▶

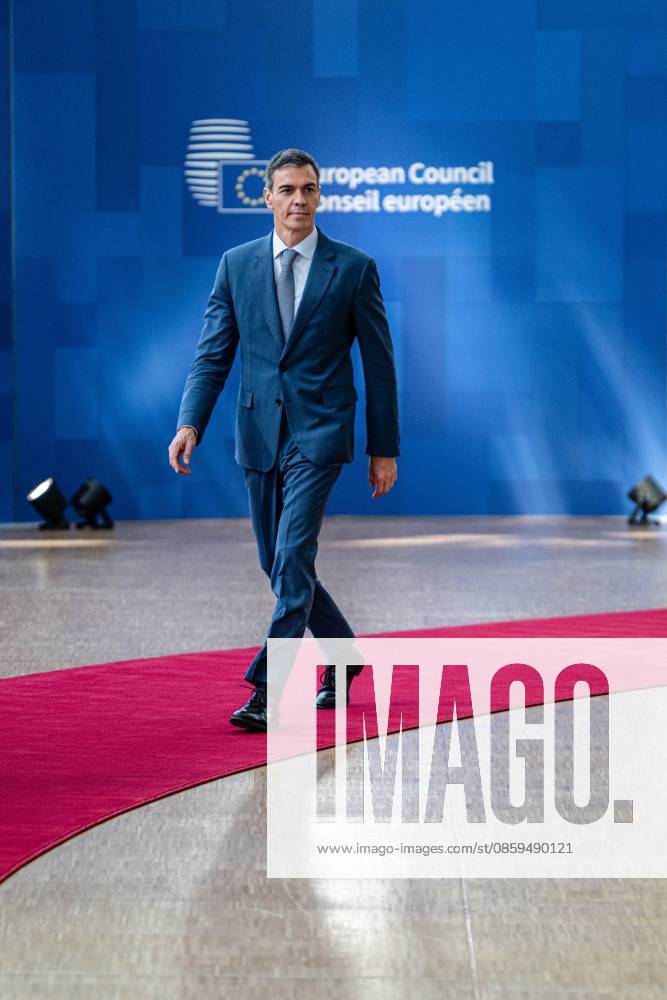BRUSSELS - Spanish Prime Minister Pedro Sanchez Perez-Castejon arrives for the first day of the European Council. The leaders of the EU countries are meeting to discuss, among other things, Ukraine and the Middle East. JONAS ROOSENS ANP netherlands out - belgium out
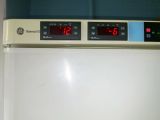 Для старого холодильника General Electric было невозможно заказать новую плату управления (взамен вышедшей из строя), и поэтому на холодильник были установлены и настроены электронные блоки управления другого производителя. Москва, 2010 год.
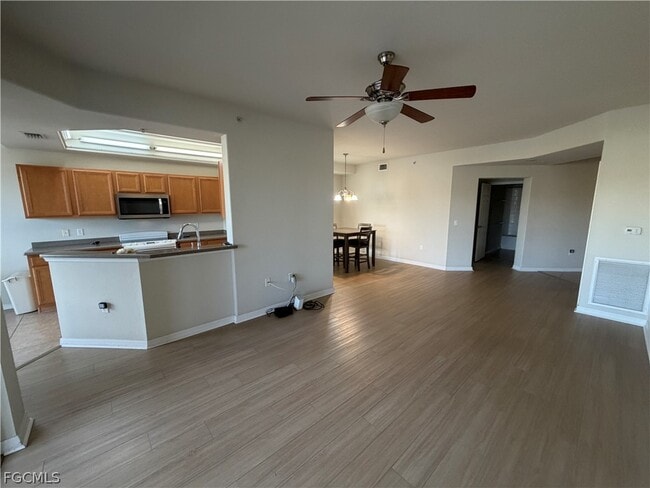 Photo - 10339 Whispering Palms Dr Unidad 202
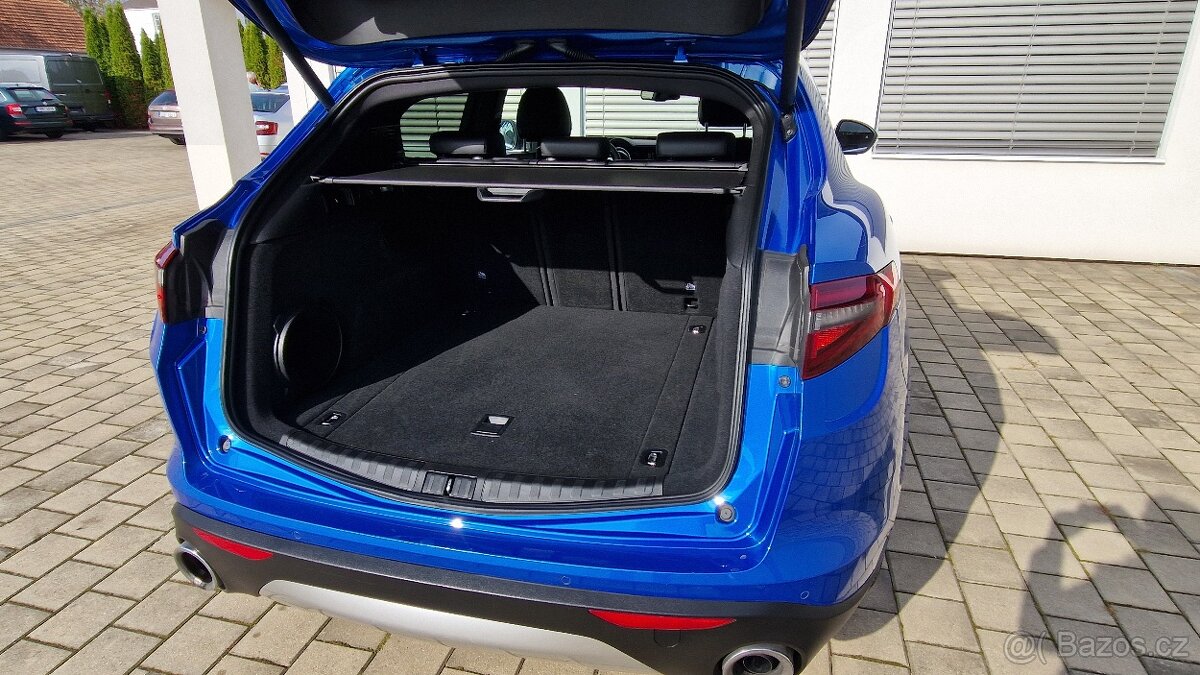 Stelvio 2.0i 280k AWD Veloce - 9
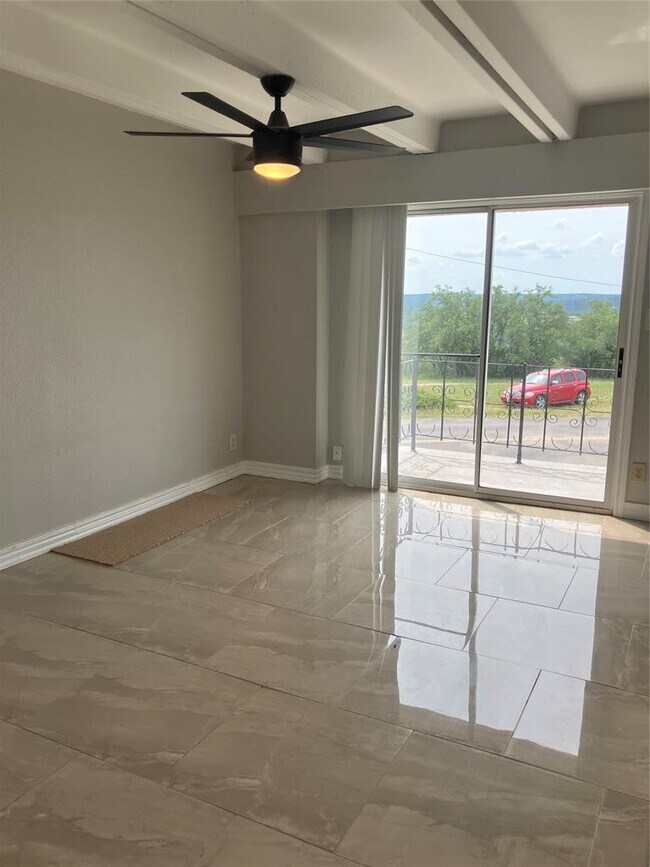 property at 5918 Lago Vista Way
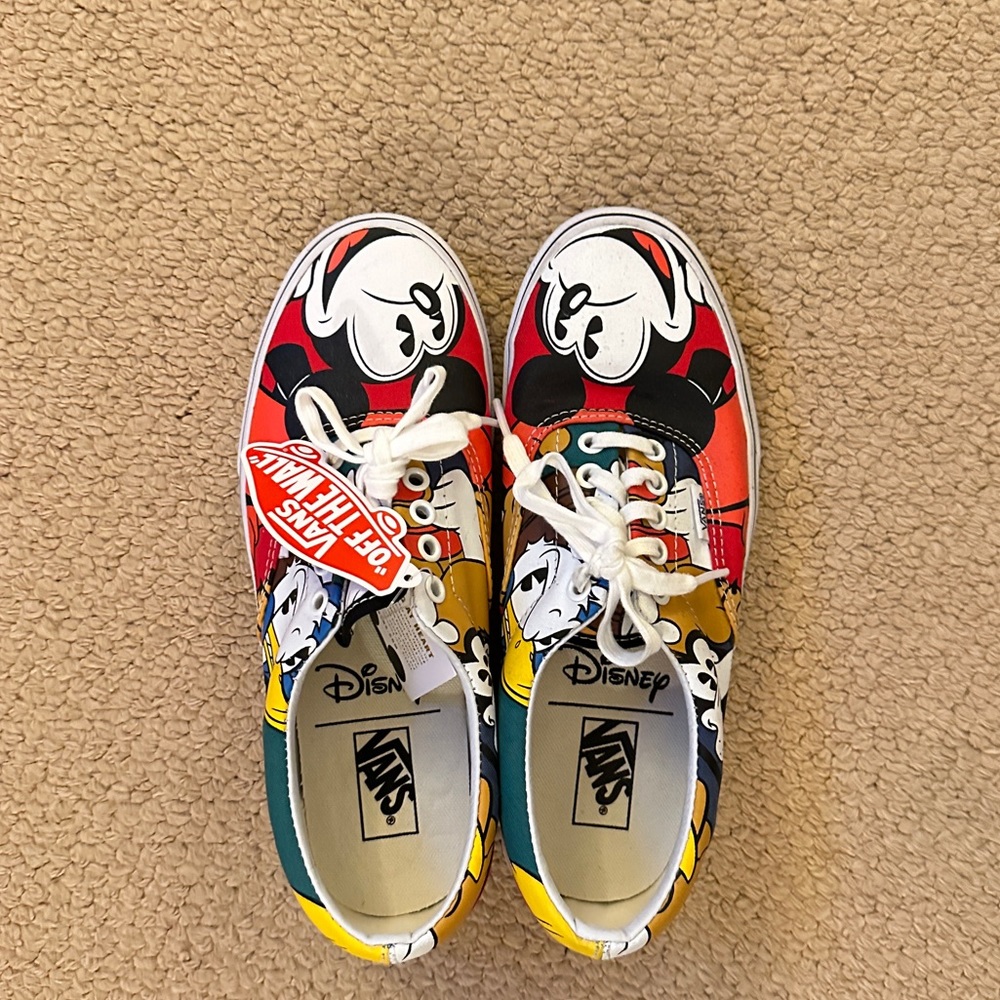 Men's US 8 brand new Disney x Vans never worn with tags, no box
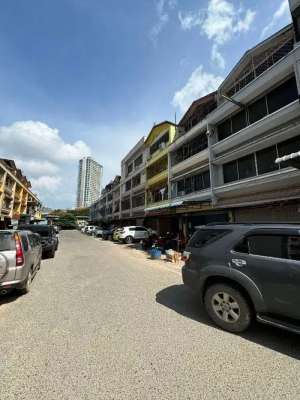 Dijual CepatRumah Ruko NAGOYA NEWTOWN - Nagoya lokasi di Bengkong, tersedia melalui melalui situs Olx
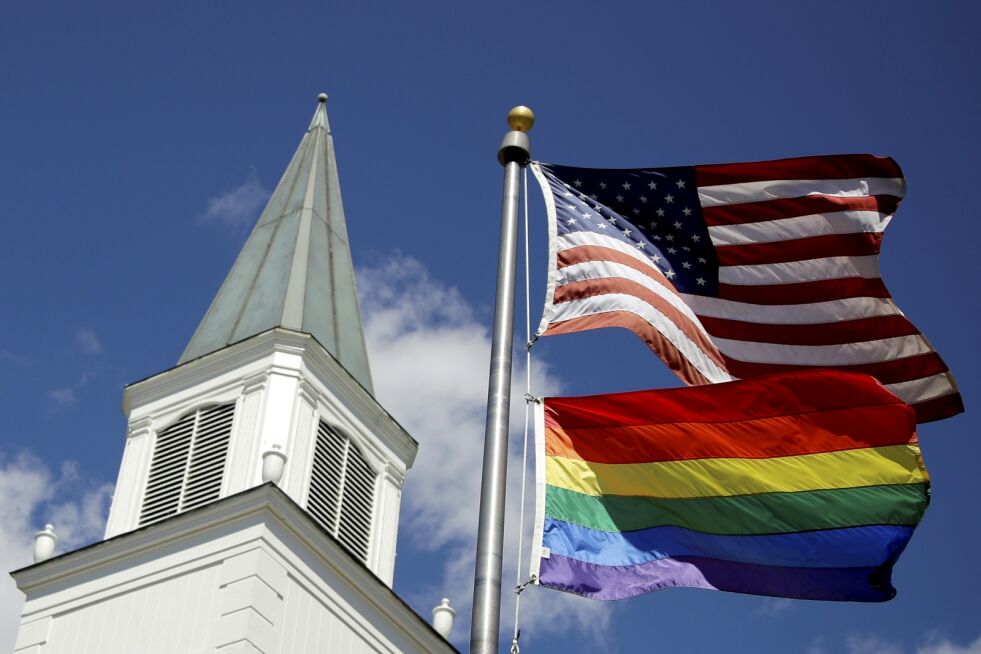 Homofilisaken splitter den internasjonale metodistkirken United Methodist Church. Her vaier regnbueflagget utenfor en metodistkirke i Kansas, USA.
 Foto: NTB Scanpix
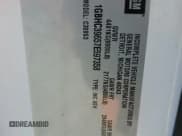 ✅ 2007 Chevrolet Silverado 1500 • VIN: 1GBHC39657E597358 • Lot: 52408105. Wystawiony na Copart z przebiegiem 379 668 mil. Bezpłatny archiwum sprzedaży aukcyjnych z USA i szczegółowy raport historii pojazdu na DreamBid. Zdjęcie 12.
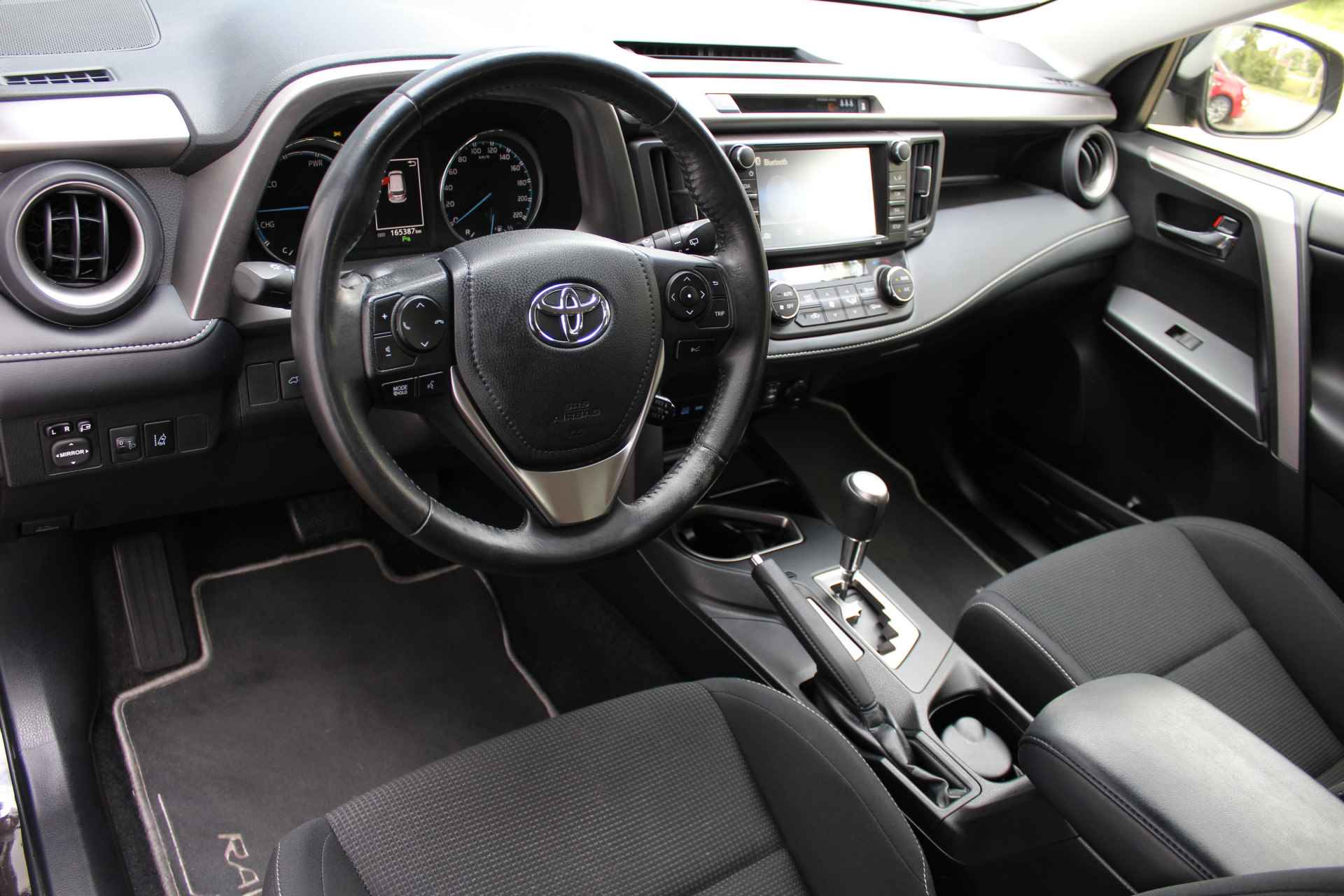 Toyota RAV4 2.5 Hybrid Dynamic | Incl. 12 Maanden Garantie | 1e Eigenaar | Volledig dealer onderhouden | Navigatie | Cruise controle | Climate controle | Elektrische kofferbak | Achteruitrijcamera | Parkeersensoren V+A | DAB | 17 Inch LMV | Lane assist | Origineel NL auto | NAP | - 34/57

◀

**EXERCISE OBJECTIVE:** What are the lines from the one containing "Homofilisaken splitter den" through the end of the records? Write them out exactly, leaving out the pictures.

**ANSWER SECTION:**
 Homofilisaken splitter den internasjonale metodistkirken United Methodist Church. Her vaier regnbueflagget utenfor en metodistkirke i Kansas, USA.
 Foto: NTB Scanpix
 ✅ 2007 Chevrolet Silverado 1500 • VIN: 1GBHC39657E597358 • Lot: 52408105. Wystawiony na Copart z przebiegiem 379 668 mil. Bezpłatny archiwum sprzedaży aukcyjnych z USA i szczegółowy raport historii pojazdu na DreamBid. Zdjęcie 12.
 Toyota RAV4 2.5 Hybrid Dynamic | Incl. 12 Maanden Garantie | 1e Eigenaar | Volledig dealer onderhouden | Navigatie | Cruise controle | Climate controle | Elektrische kofferbak | Achteruitrijcamera | Parkeersensoren V+A | DAB | 17 Inch LMV | Lane assist | Origineel NL auto | NAP | - 34/57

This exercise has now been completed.